▶ [Prompt] The line containing "Видео: Силиконовая приманка-ЦВЕТ", and every line after it to the end of the listing, should be repeated exactly; the pictures should not.

▶ [Data to process]

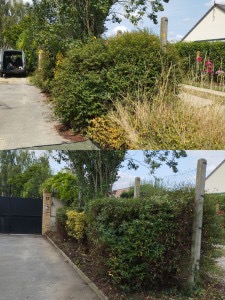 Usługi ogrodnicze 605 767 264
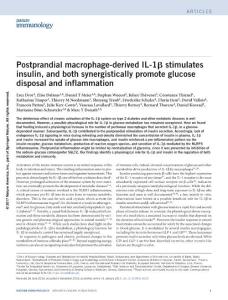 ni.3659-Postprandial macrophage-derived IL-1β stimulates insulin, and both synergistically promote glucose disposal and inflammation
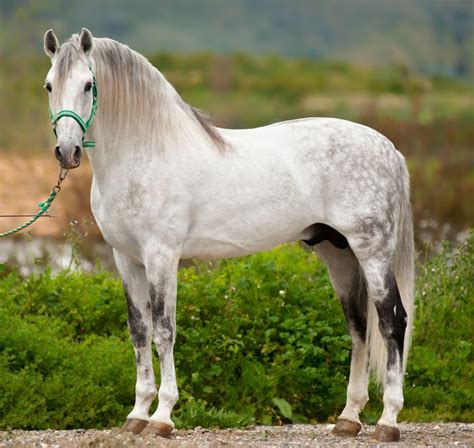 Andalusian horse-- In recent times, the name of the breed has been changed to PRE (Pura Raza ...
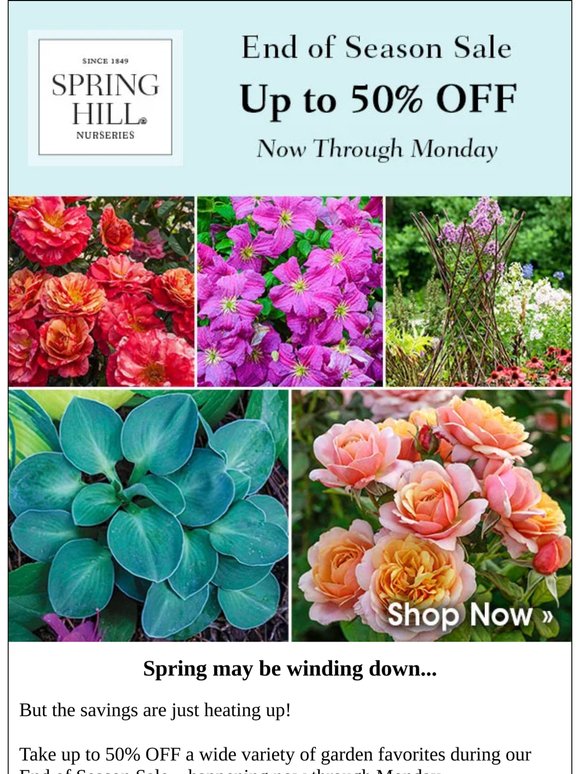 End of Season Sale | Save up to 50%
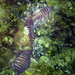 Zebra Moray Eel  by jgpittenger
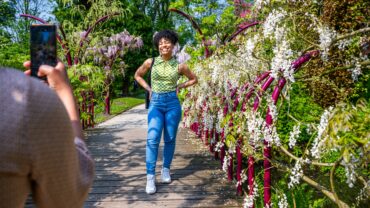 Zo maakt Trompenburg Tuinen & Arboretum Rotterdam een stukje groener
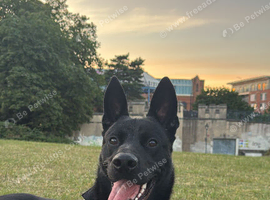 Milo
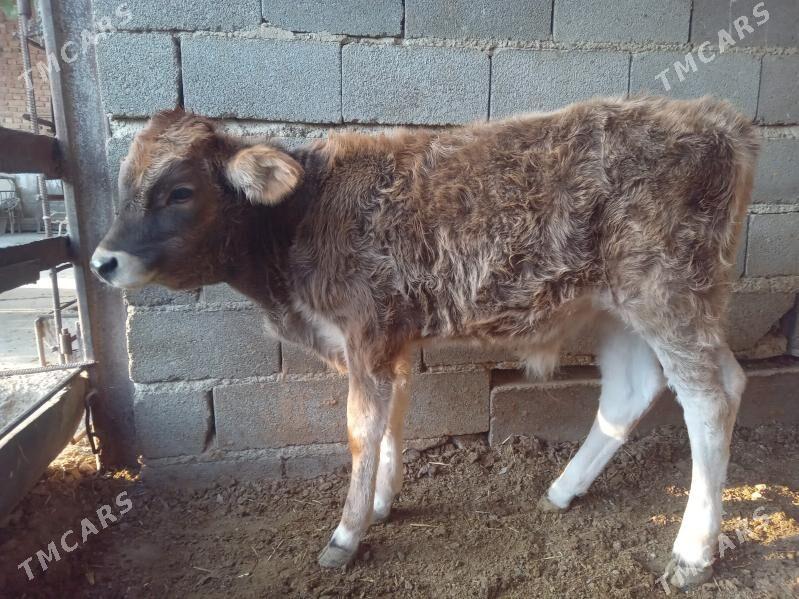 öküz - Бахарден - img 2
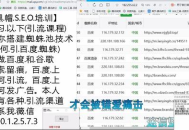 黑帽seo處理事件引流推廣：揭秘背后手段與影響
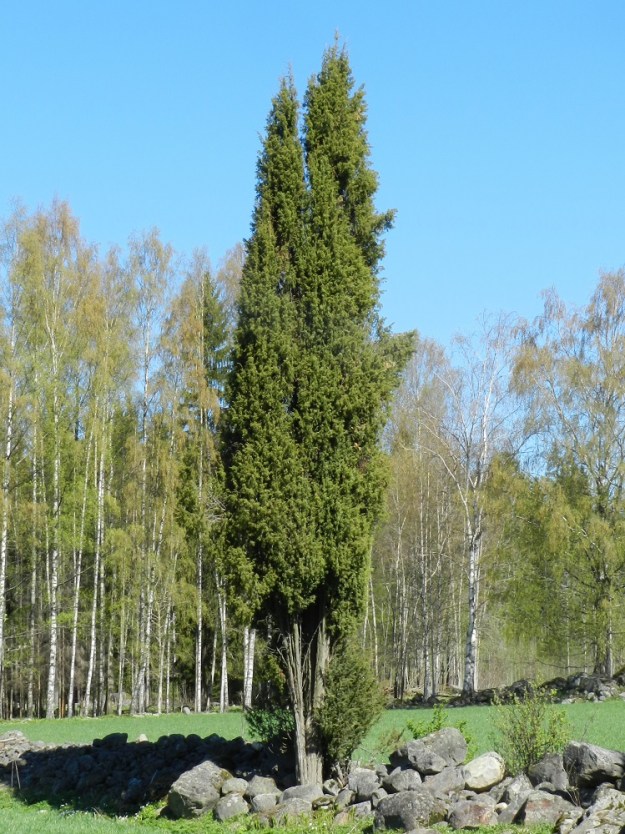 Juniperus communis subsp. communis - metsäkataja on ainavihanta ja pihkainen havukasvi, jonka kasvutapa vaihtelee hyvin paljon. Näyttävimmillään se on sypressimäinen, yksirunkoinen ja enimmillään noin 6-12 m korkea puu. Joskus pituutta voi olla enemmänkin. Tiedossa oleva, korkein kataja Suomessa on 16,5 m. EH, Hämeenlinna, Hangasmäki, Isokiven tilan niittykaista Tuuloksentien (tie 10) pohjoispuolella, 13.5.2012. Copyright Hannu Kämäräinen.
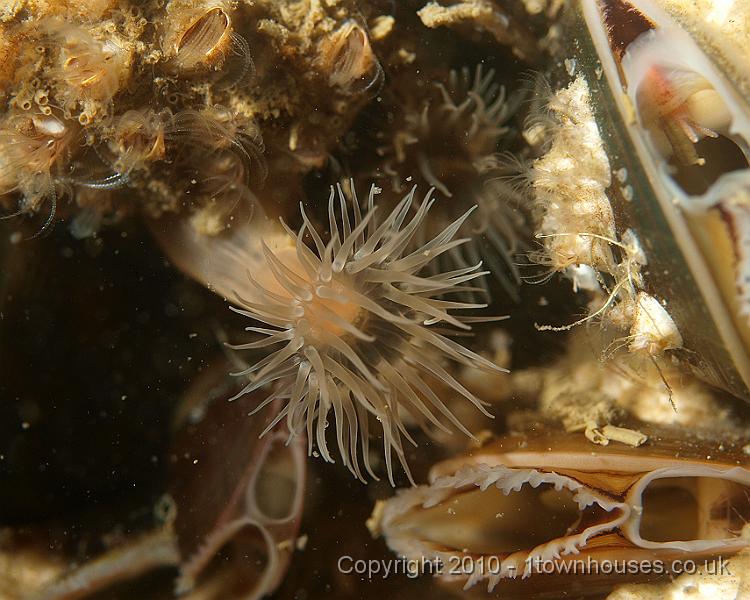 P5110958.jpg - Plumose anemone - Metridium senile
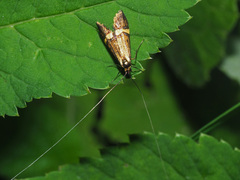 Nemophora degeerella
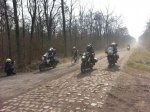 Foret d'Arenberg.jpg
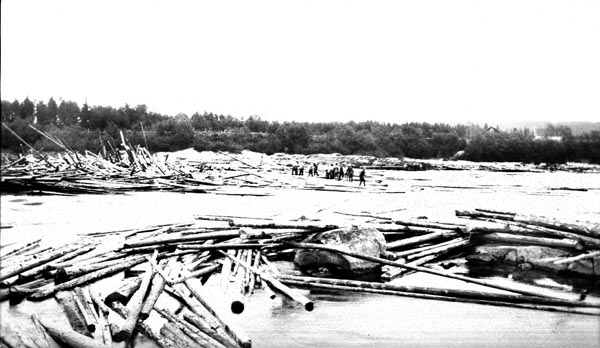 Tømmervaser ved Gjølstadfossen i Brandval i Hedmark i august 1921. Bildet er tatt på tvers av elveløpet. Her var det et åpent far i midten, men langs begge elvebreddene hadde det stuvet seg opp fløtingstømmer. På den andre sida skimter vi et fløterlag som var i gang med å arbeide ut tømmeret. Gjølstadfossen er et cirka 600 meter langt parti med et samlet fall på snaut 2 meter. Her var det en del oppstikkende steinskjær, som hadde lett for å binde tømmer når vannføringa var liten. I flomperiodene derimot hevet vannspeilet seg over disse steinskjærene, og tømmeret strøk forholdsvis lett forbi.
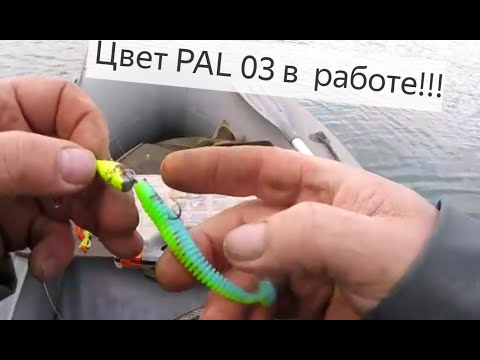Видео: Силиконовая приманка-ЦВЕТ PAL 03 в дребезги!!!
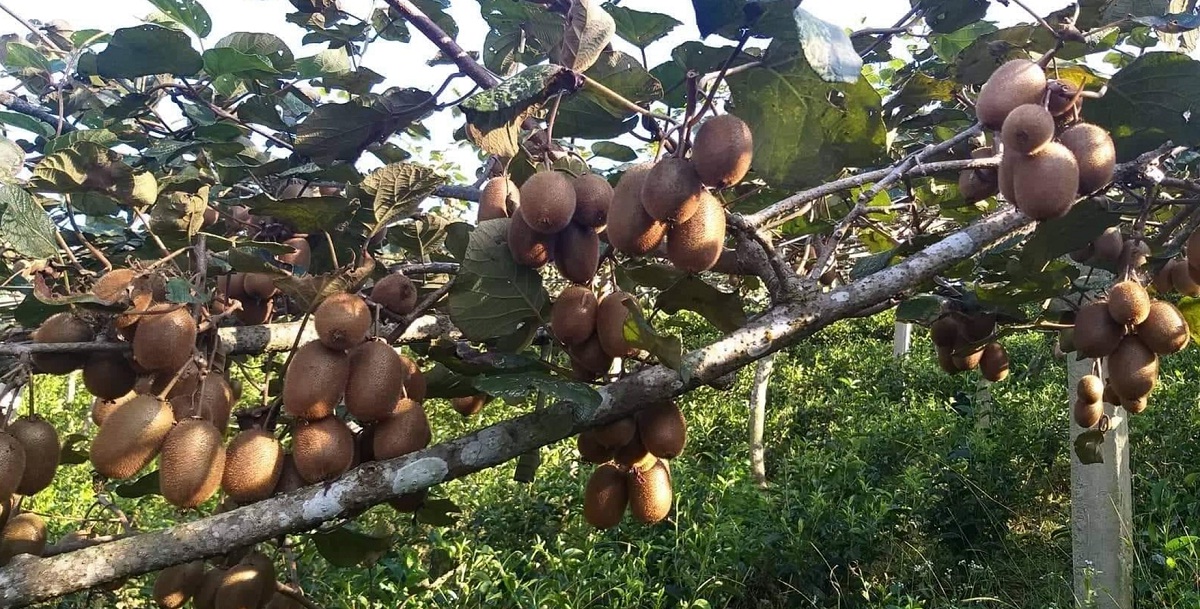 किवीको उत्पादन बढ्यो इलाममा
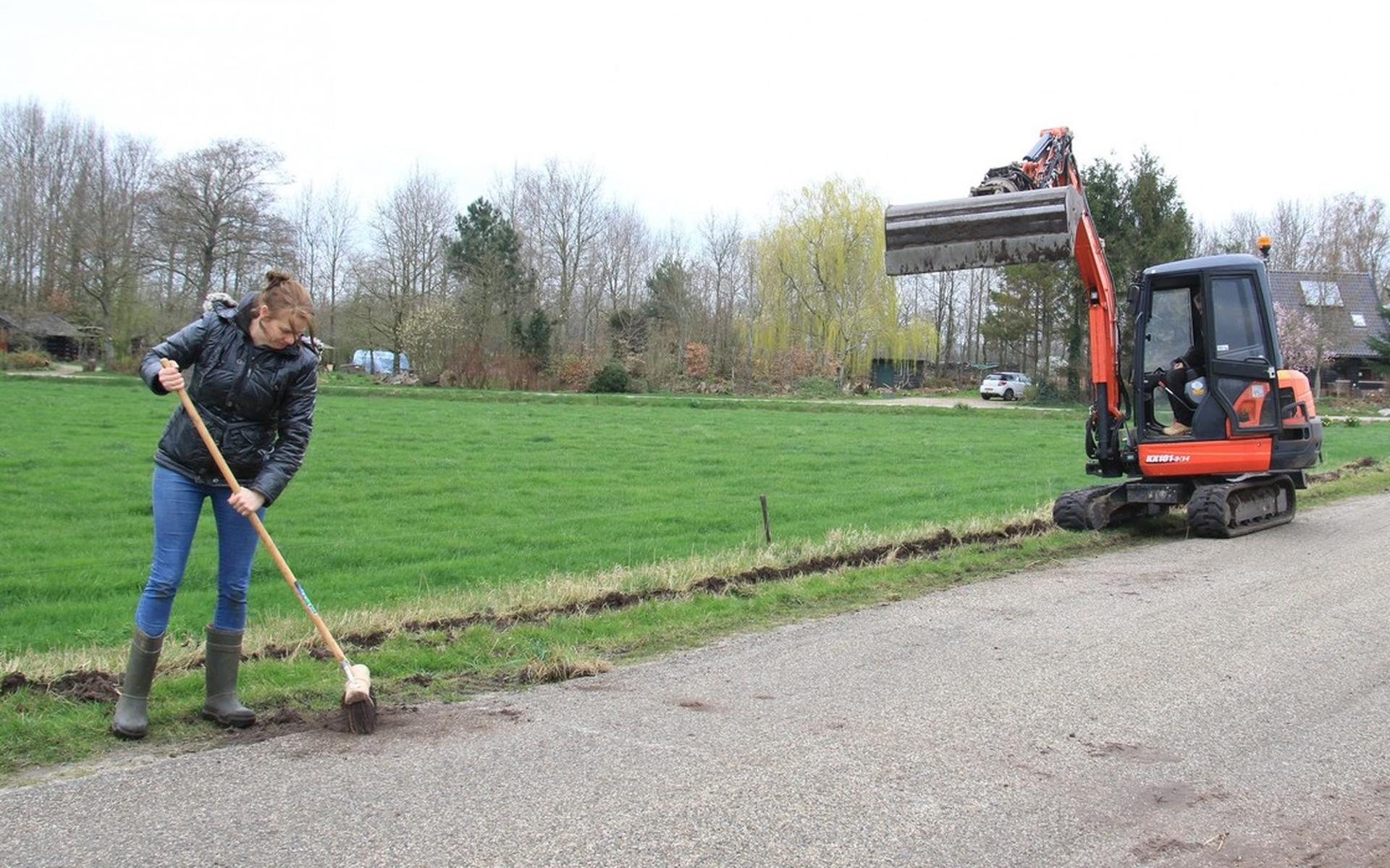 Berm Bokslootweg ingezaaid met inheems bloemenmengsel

▶ [Answer to this task]
Видео: Силиконовая приманка-ЦВЕТ PAL 03 в дребезги!!!
 किवीको उत्पादन बढ्यो इलाममा
 Berm Bokslootweg ingezaaid met inheems bloemenmengsel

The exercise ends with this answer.